■ Instructions for the task ■
From the line with "Building Photo - 161 Copiague Pl" to the line with "Craziest Storm Chaser", output every line below exactly, both ends included. Skip the pictures.
▬▬▬▬▬▬
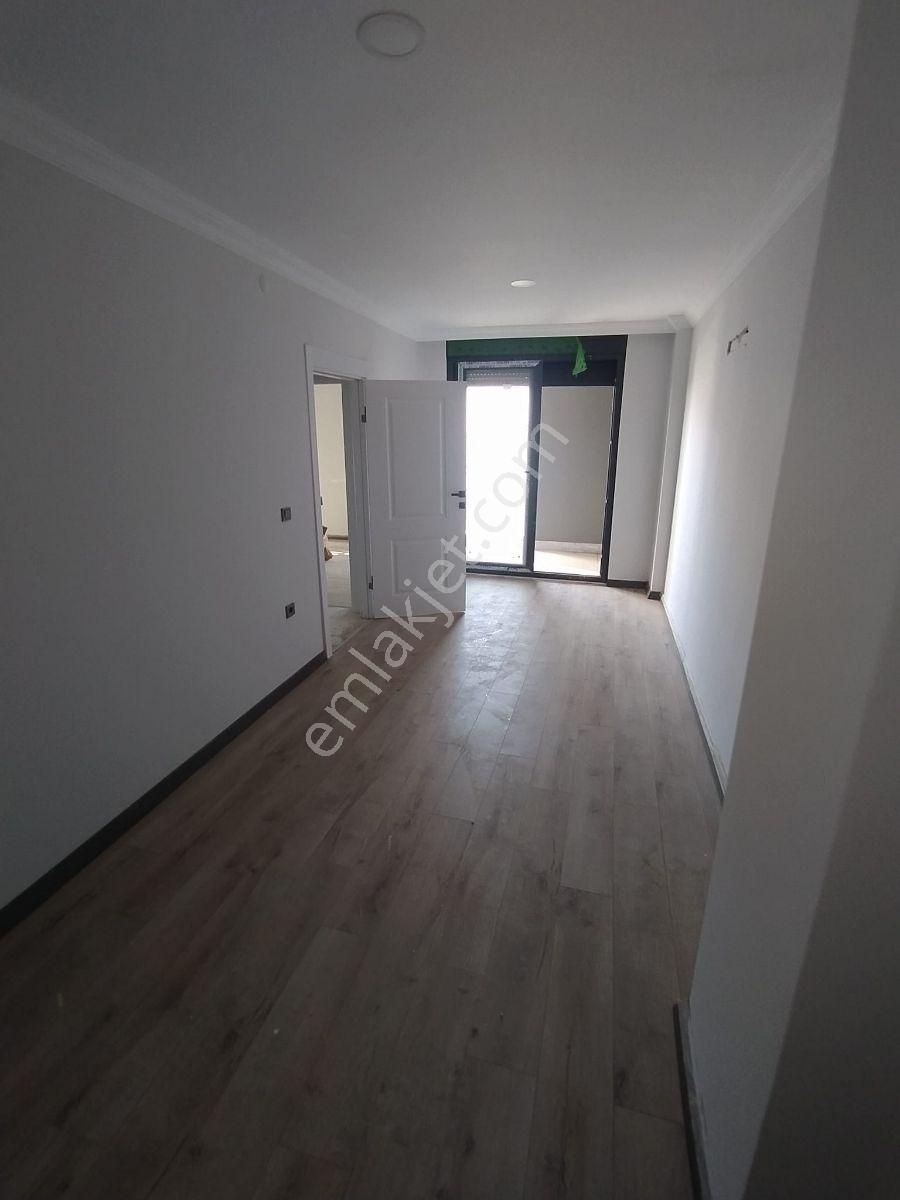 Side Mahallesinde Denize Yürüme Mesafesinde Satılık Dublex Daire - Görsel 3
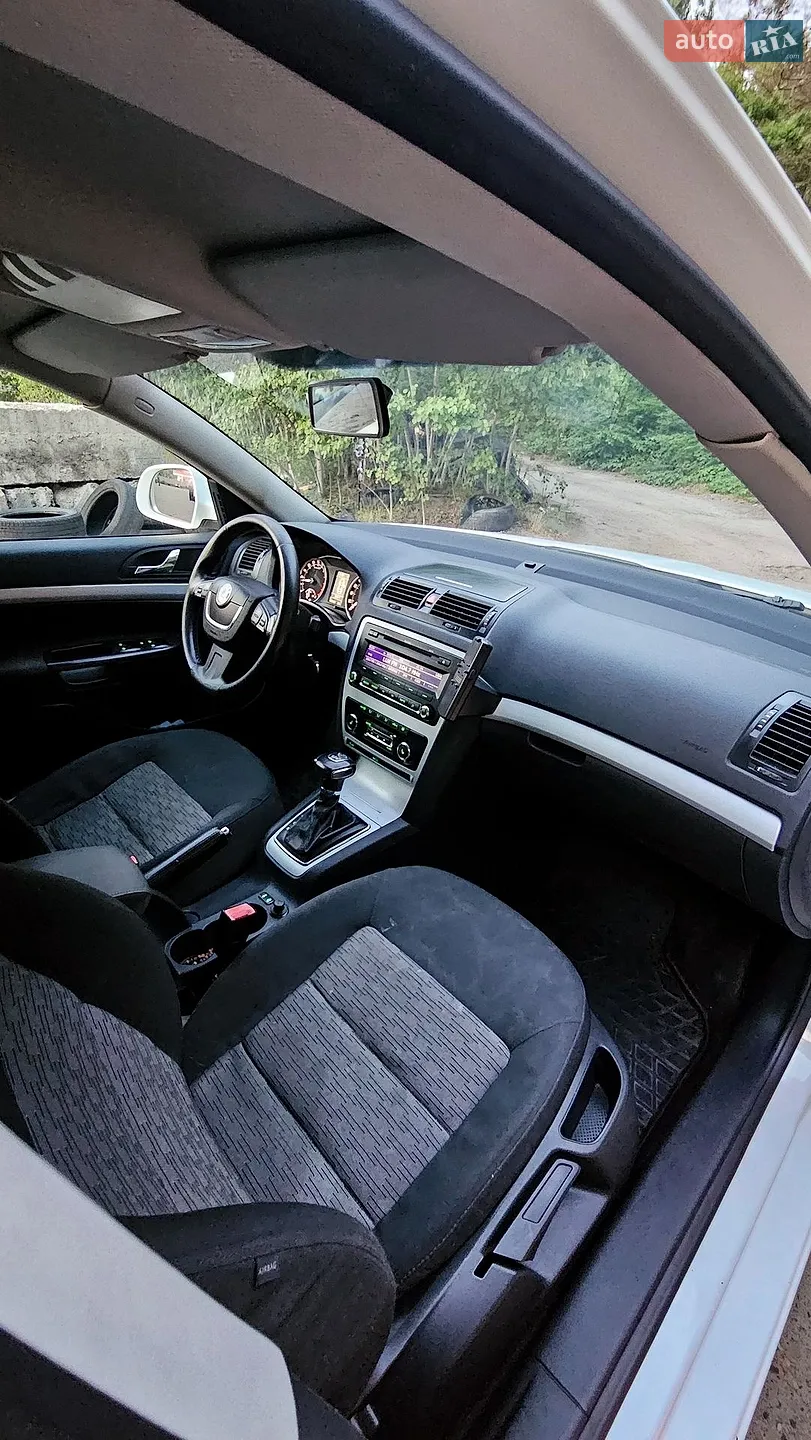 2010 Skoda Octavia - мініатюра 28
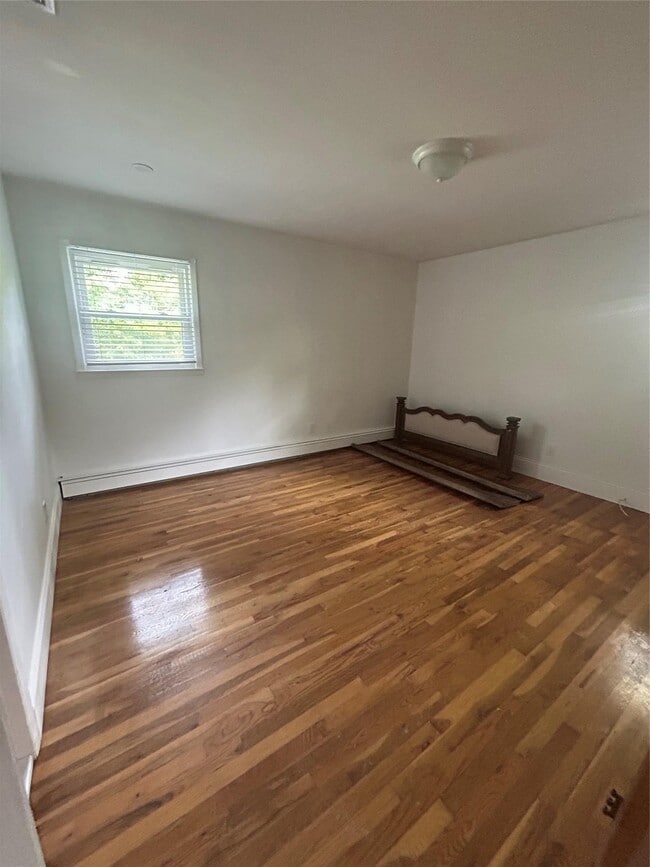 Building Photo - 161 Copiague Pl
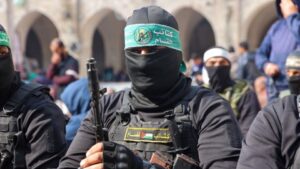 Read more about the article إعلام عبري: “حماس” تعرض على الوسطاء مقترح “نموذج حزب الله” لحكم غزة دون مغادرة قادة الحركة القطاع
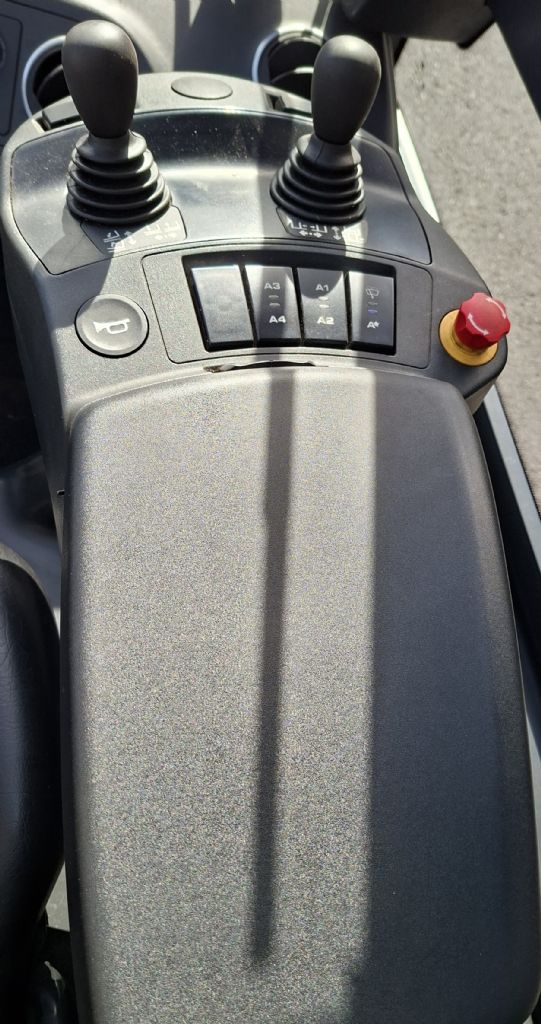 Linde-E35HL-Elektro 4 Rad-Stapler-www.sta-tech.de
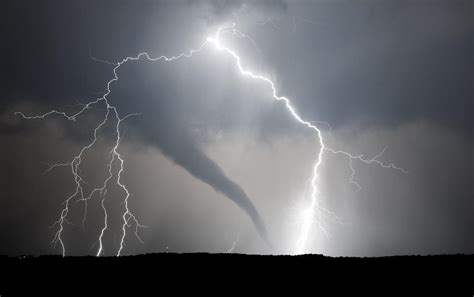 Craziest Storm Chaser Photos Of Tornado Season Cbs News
▬▬▬▬▬▬
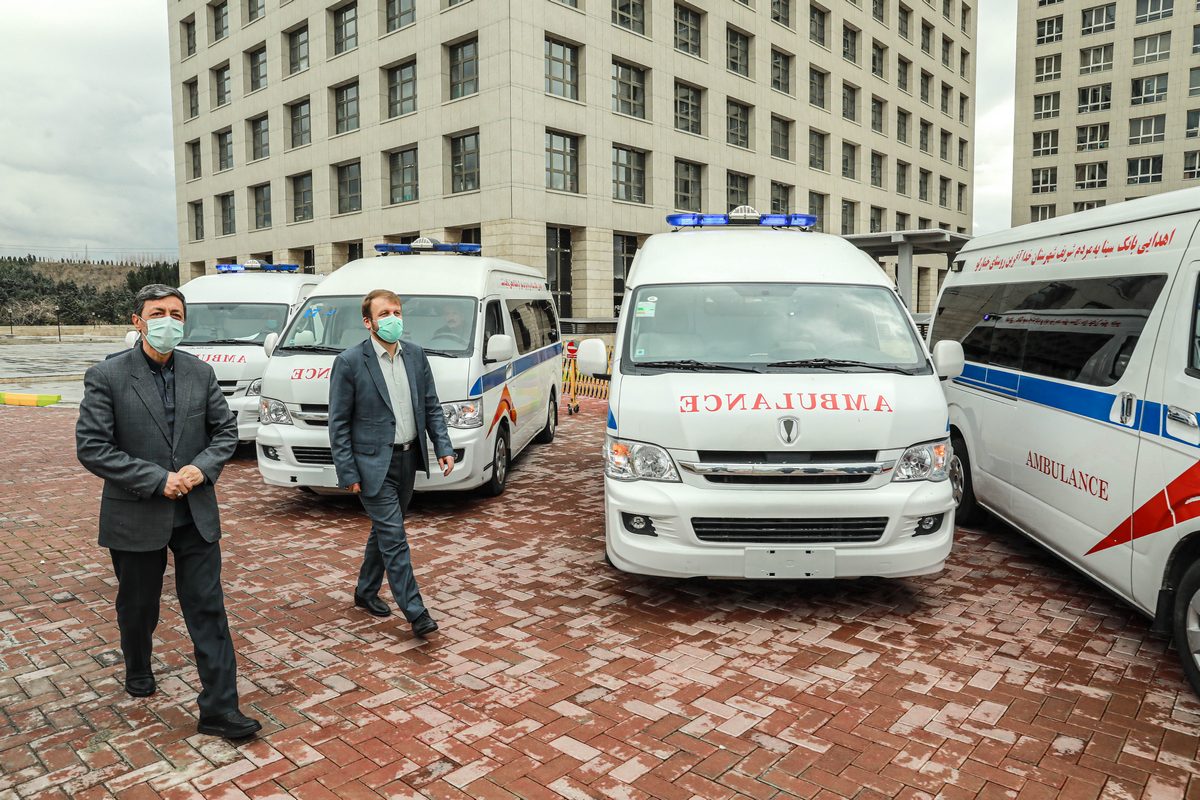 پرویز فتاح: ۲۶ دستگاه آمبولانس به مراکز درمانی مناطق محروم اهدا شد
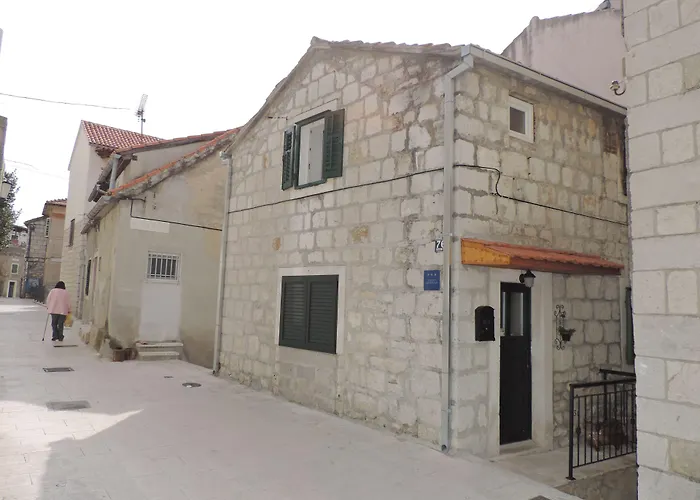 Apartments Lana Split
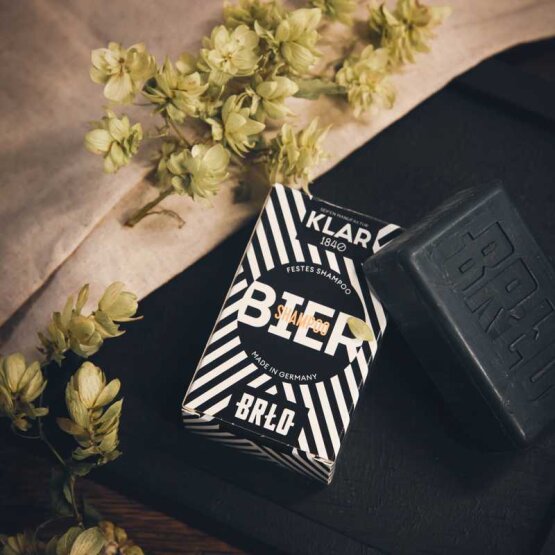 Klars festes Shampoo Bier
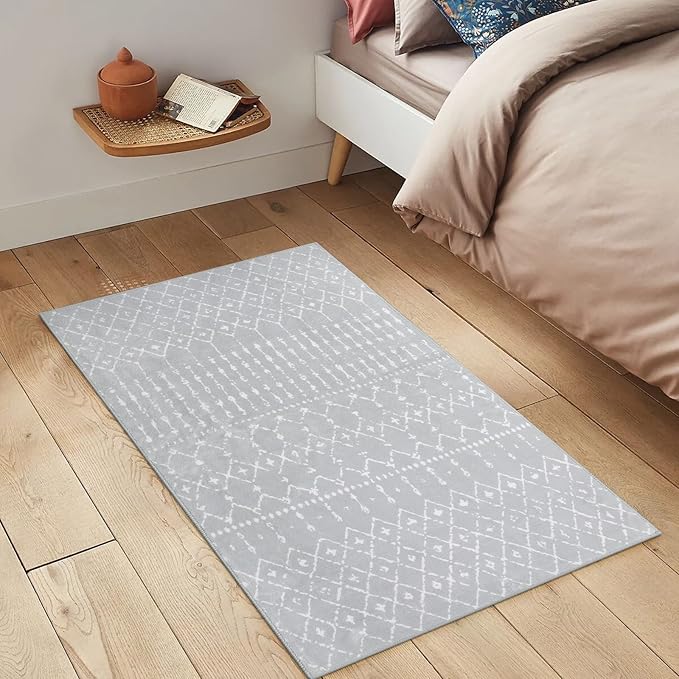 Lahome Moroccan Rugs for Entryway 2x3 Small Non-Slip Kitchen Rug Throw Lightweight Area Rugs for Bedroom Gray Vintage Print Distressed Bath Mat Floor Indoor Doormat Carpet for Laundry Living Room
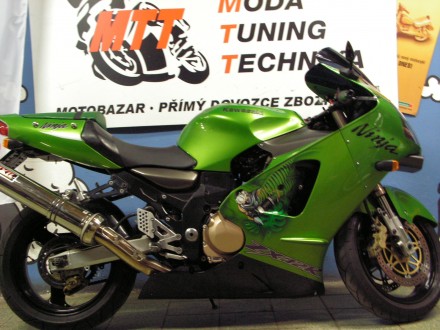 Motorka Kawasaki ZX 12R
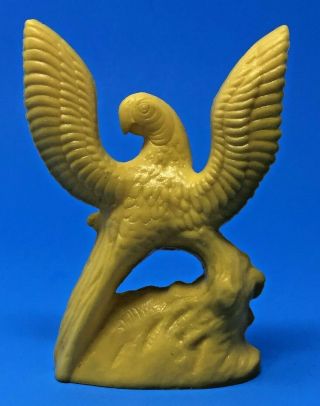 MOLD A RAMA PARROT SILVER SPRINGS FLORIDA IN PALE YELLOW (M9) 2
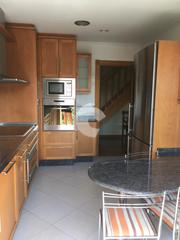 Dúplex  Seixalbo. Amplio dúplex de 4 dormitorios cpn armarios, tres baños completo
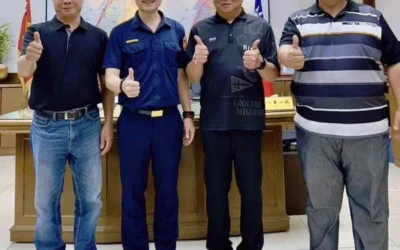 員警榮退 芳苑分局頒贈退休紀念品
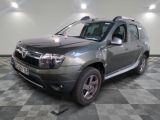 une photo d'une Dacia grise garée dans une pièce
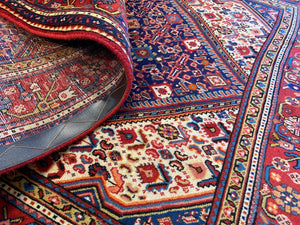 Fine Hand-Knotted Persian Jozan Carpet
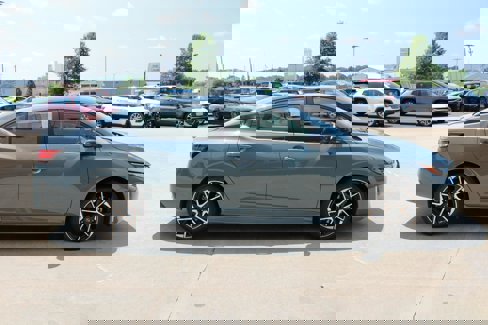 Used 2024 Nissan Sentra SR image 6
▬▬▬▬▬▬
■ Written response ■
 Building Photo - 161 Copiague Pl
 Read more about the article إعلام عبري: “حماس” تعرض على الوسطاء مقترح “نموذج حزب الله” لحكم غزة دون مغادرة قادة الحركة القطاع
 Linde-E35HL-Elektro 4 Rad-Stapler-www.sta-tech.de
 Craziest Storm Chaser Photos Of Tornado Season Cbs News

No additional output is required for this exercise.